**About this exercise:** With pictures excluded, output exactly the lines that run from the first line of the data below through the line containing "Retractable Ballpoint Pen".

**Data:**

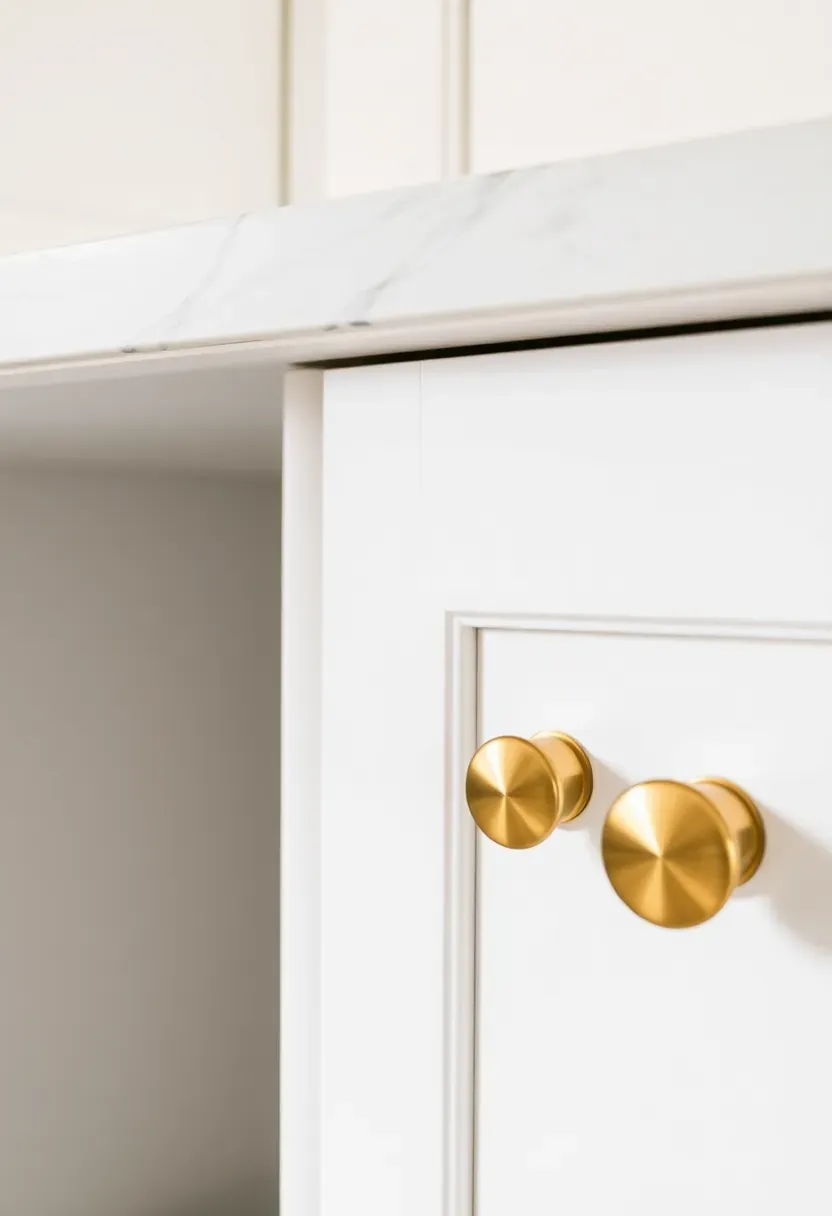 Close-up of a kitchen drawer with new brushed brass pulls replacing old chrome hardware, with marble countertop visible above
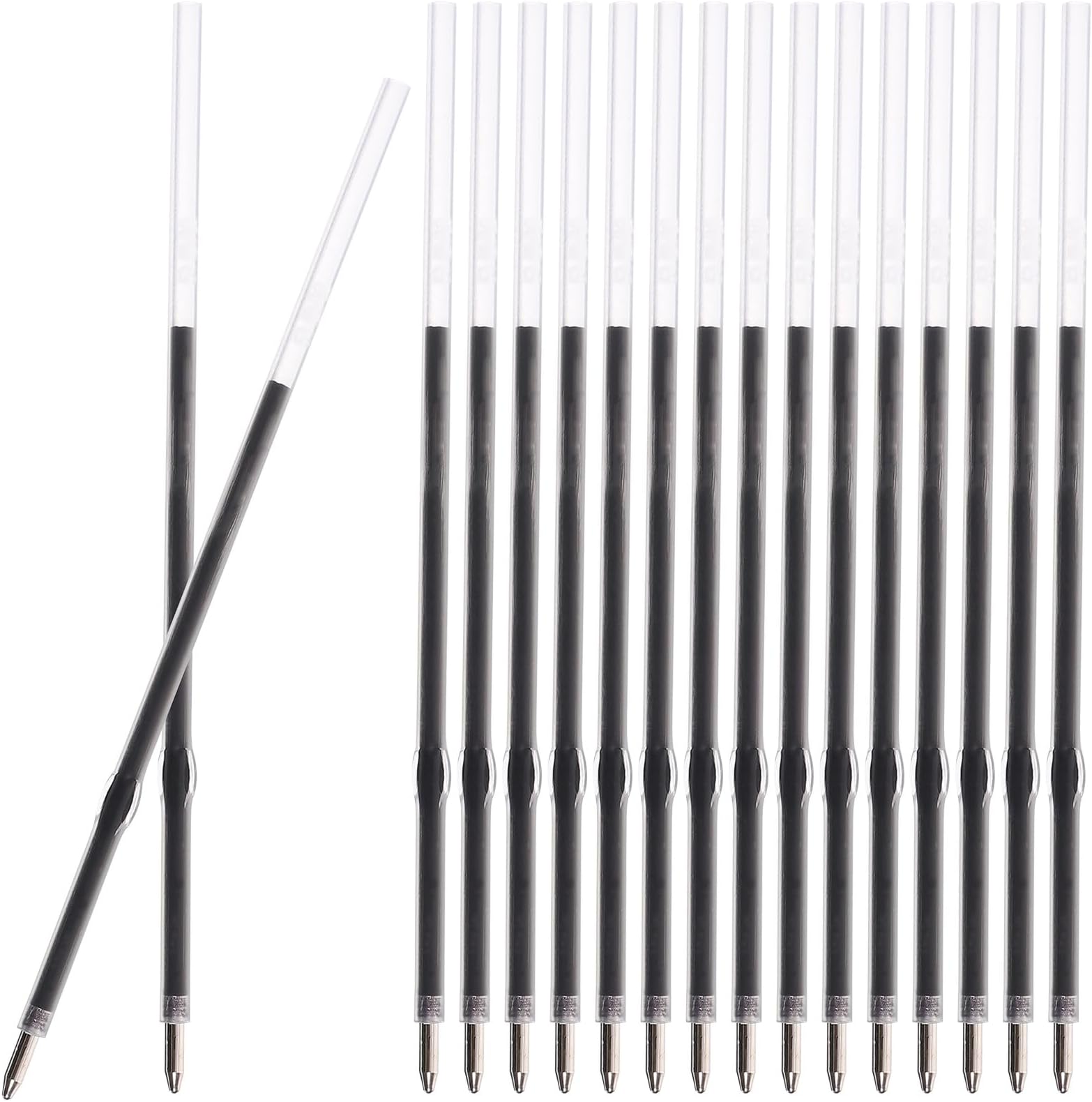 Retractable Ballpoint Pen Refills 30 Pieces 1mm, Medium Point 4.2 Inch Black Ink Refills Smooth Writing for Click Pens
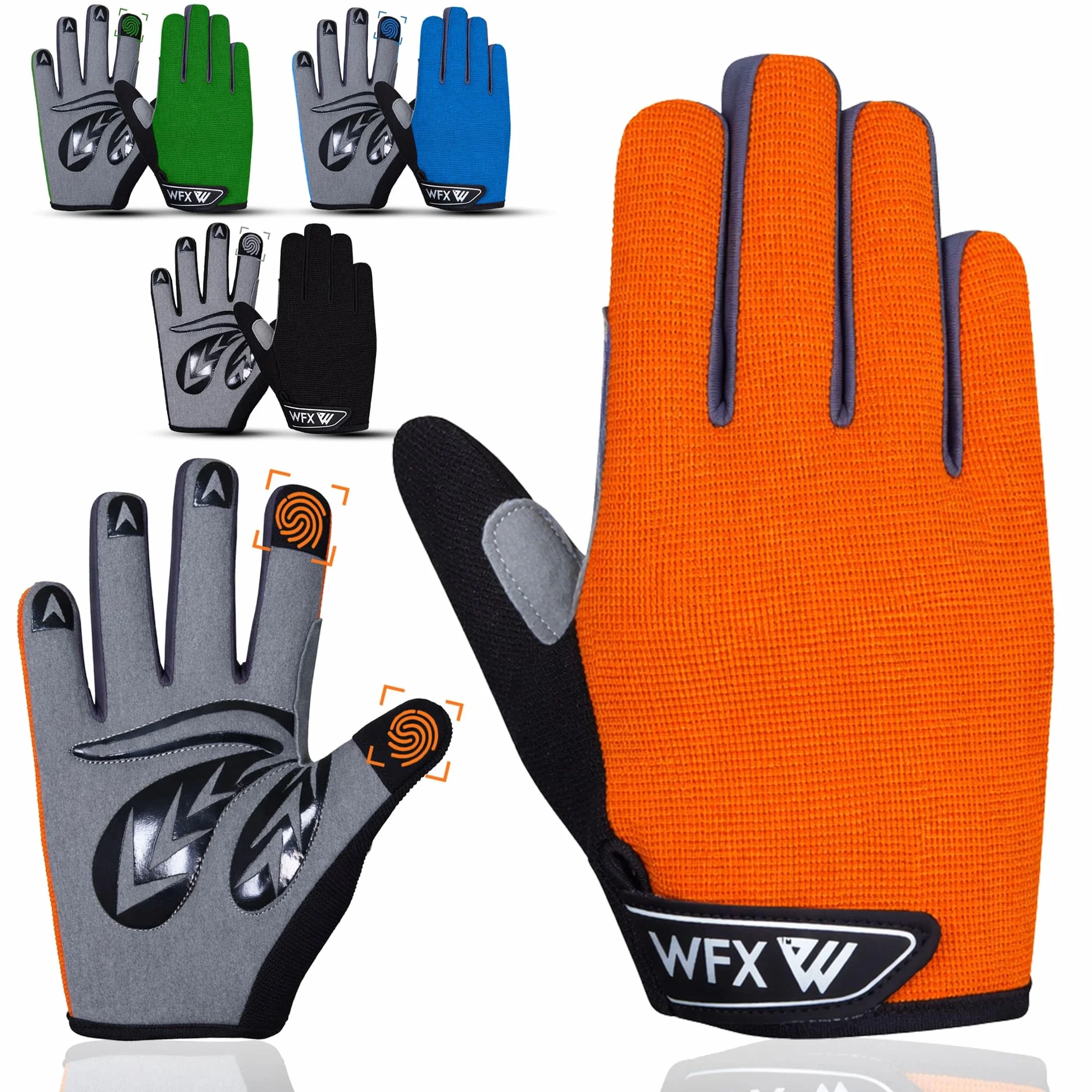 WFX Guantes de Ciclismo para niños, niños y niñas, jóvenes, Pantalla táctil para niños, Guantes de equitación Antideslizantes para Deportes al Aire Libre, Guantes de Dedo Completo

**Answer to this exercise:**
 Close-up of a kitchen drawer with new brushed brass pulls replacing old chrome hardware, with marble countertop visible above
 Retractable Ballpoint Pen Refills 30 Pieces 1mm, Medium Point 4.2 Inch Black Ink Refills Smooth Writing for Click Pens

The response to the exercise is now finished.